Is it possible to find all values of $k$, like a function $k=f(m)$, such that

$$\begin{cases} 81k-41\equiv 0 \mod{2^m} \\ \frac{81k-41}{2^m} \equiv 1 \mod 2 \end{cases}$$

Here, $$\left\{ m,k \right\}\in \mathbb {Z^{+}}$$

I can found a random values: for example

$m=3,k=1$

$m=1,k=3...$

My question is:

Is it possible to find a general form for value of $m$ like a function $k=f(m)?$

If I express my problem with words, for example, $m=10$ and I want to find direct value ,what is value of $k?$

In short, I want to make $k$ dependent on $m$ in general, like a function.

Is it possible?

Answer 1

If $k=1$ and $m=3$ then $40\equiv 0 \mod 2$ but $40 \not\equiv 1 \mod 16$.

So, I don't know to what correspond your "random values", but certainly not to solutions of your system of equations.

In general, if $81k-41 \equiv 1 \mod 2^{m+1}$, then by definition of the modulo, we have $81k-41 \equiv 1 \mod 2^{m}$, and by properties of the modulo relation, $0\equiv 1 \mod 2^m$. Equivalently, this means that $2^m$ divides $1$. It can happen only if $m=0$.

In this case, the first equation is satisfied for all $k$, and the second one may be rewritten as $k\equiv 1 \mod 2$.

To sum up: if $k$ is odd, the equations of your system are not satisfied for any $m$.

If $k$ is even, the only solution of your equation is $m=0$.

Answer 2

This is an answer to the edited question.

Your equations mean that $81k-41=(2n+1)2^m$ for some integer $n\ge0$, or equivalently, $81k\equiv2^m+41 \mod{2^{m+1}}$.

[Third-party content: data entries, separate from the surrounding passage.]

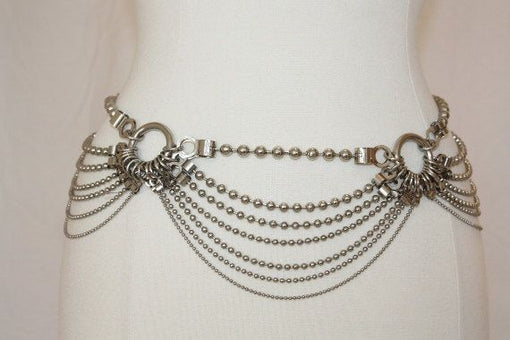 How to Choose Clothing Accessories without Making the Design Look Excessive
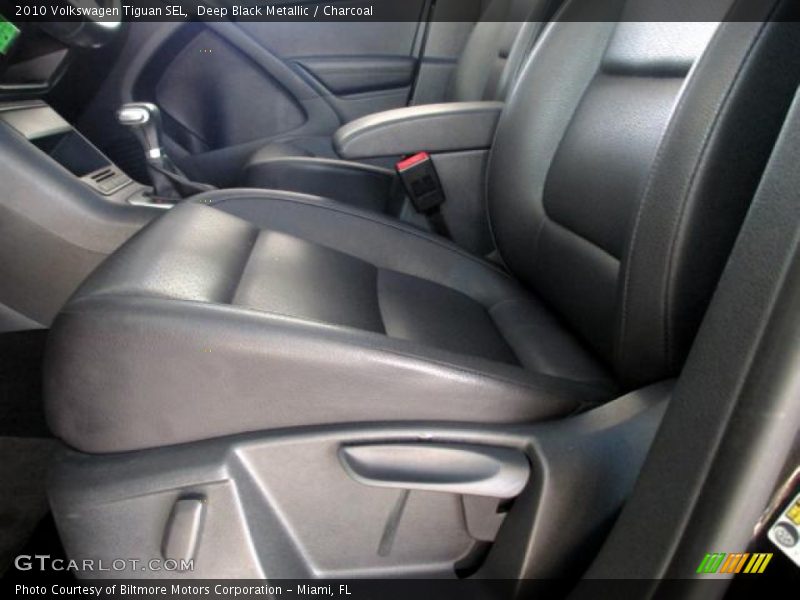 Deep Black Metallic / Charcoal 2010 Volkswagen Tiguan SEL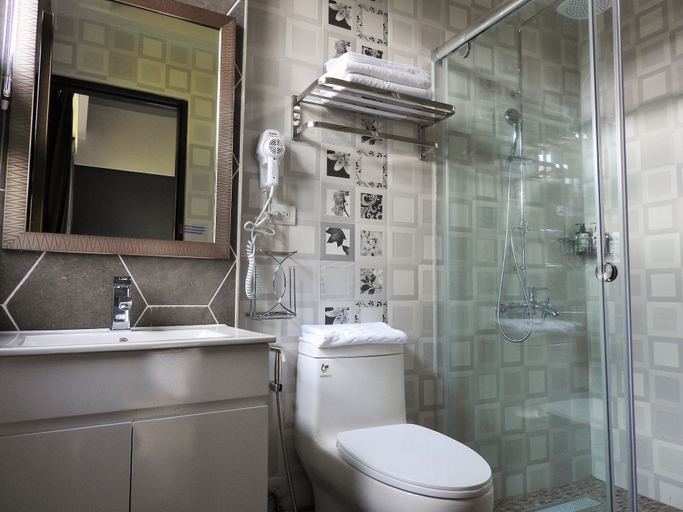 Bathroom 3, Blue Owl Homestay, Hualien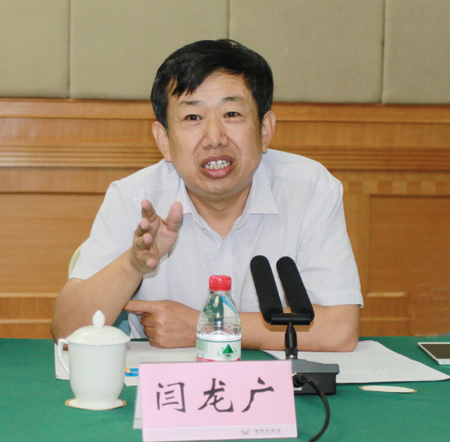 集團公司副總經(jīng)理閆龍廣主持會(huì )議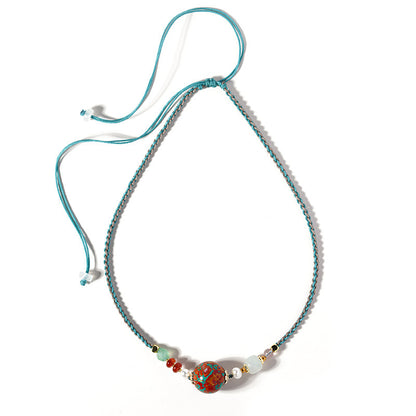 Collier en perle sculptée de forme ronde, disponible aux couleurs rouge / bleu / orange / noire laquée de Pékin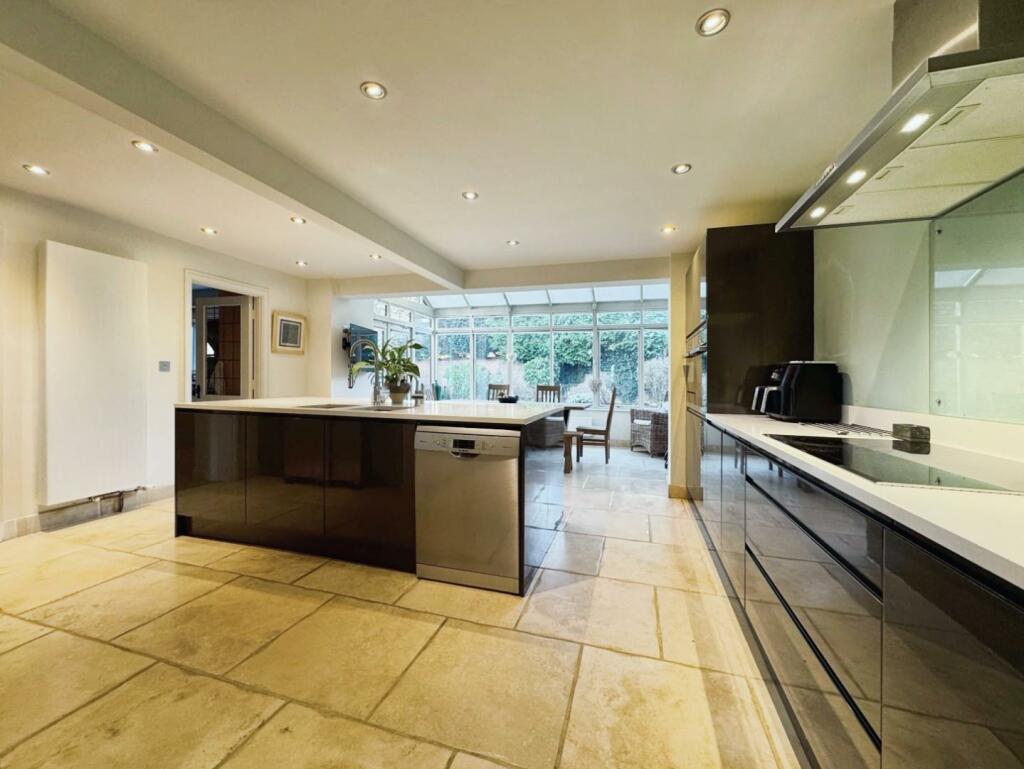 Additional image 5 of High Street, Barford, Warwick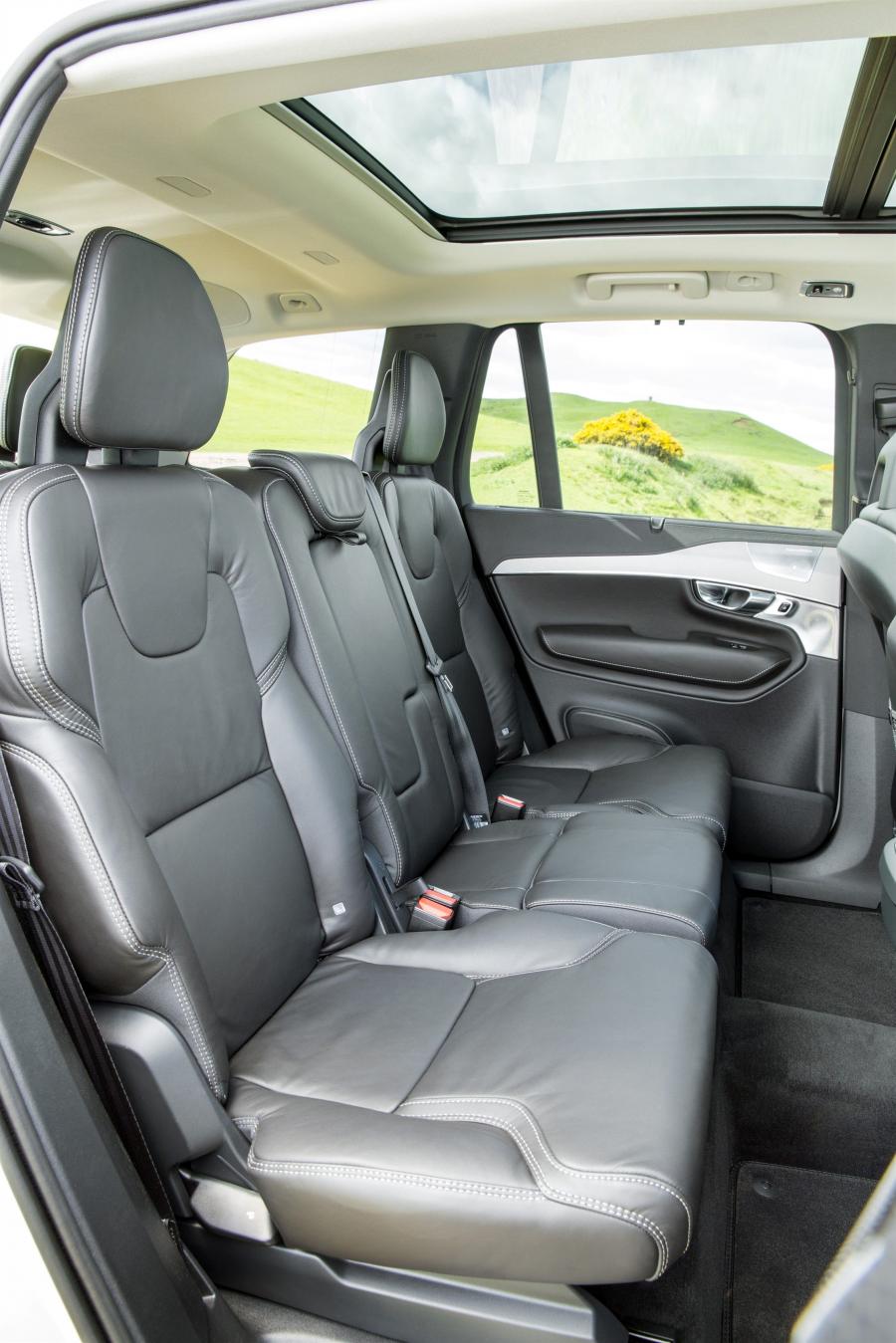  Volvo XC90 D5 Inscription 2015 года  (UK) (фото 24 из 30)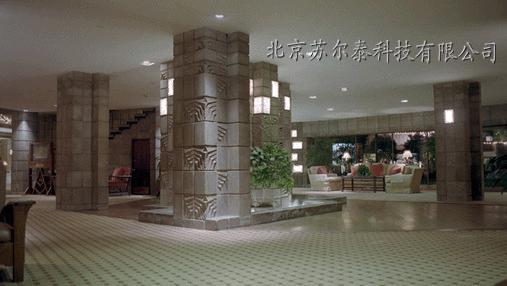 大堂喷泉旁的廊柱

Let $a$ be a modular multiplicative inverse of $81$ mod $2^{m+1}$, i.e., an integer such that $81a\equiv1\mod{2^{m+1}}$. (This can be computed using the extended Euclidean algorithm. Alternatively, Euler's theorem gives $a\equiv81^{2^m-1}\mod{2^{m+1}}$ as an explicit solution, but this is relatively inefficient.) Then we have $k\equiv(2^m+41)a\mod{2^{m+1}}$. This gives all the solutions for $k$.